(Source data Opens)
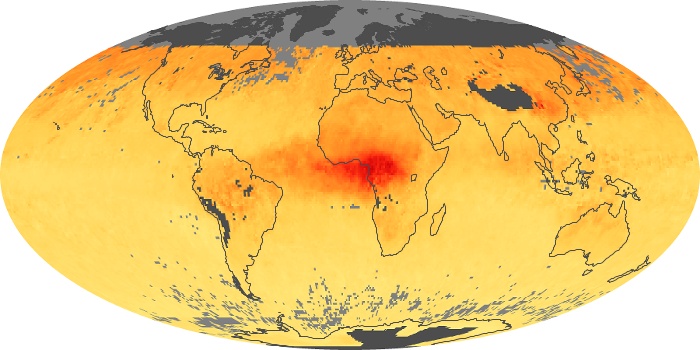 Global Map Carbon Monoxide Image 202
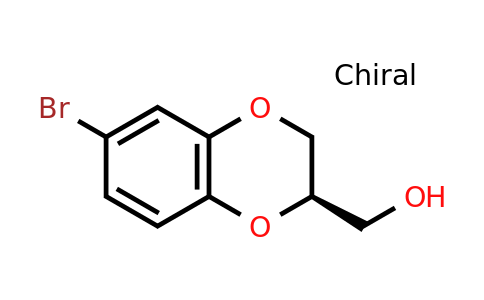 CAS 1263285-26-2 | (R)-(6-Bromo-2,3-dihydrobenzo[b][1,4]dioxin-2-yl)methanol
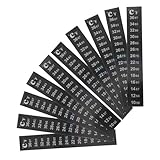 BESTonZON 10 Stück 10 Stück Aquarium Thermometerstreifen Aufkleber Selbstklebend LCD Temperaturaufkleber 10–36 °C für Innen Flüssigkeits Temperaturüberwachung im Fischbecken Terrarium und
(Source data Closes)
> Your goal
Everything in the material above must be repeated exactly, apart from its pictures.

> Response to this task
 Global Map Carbon Monoxide Image 202
 CAS 1263285-26-2 | (R)-(6-Bromo-2,3-dihydrobenzo[b][1,4]dioxin-2-yl)methanol
 BESTonZON 10 Stück 10 Stück Aquarium Thermometerstreifen Aufkleber Selbstklebend LCD Temperaturaufkleber 10–36 °C für Innen Flüssigkeits Temperaturüberwachung im Fischbecken Terrarium und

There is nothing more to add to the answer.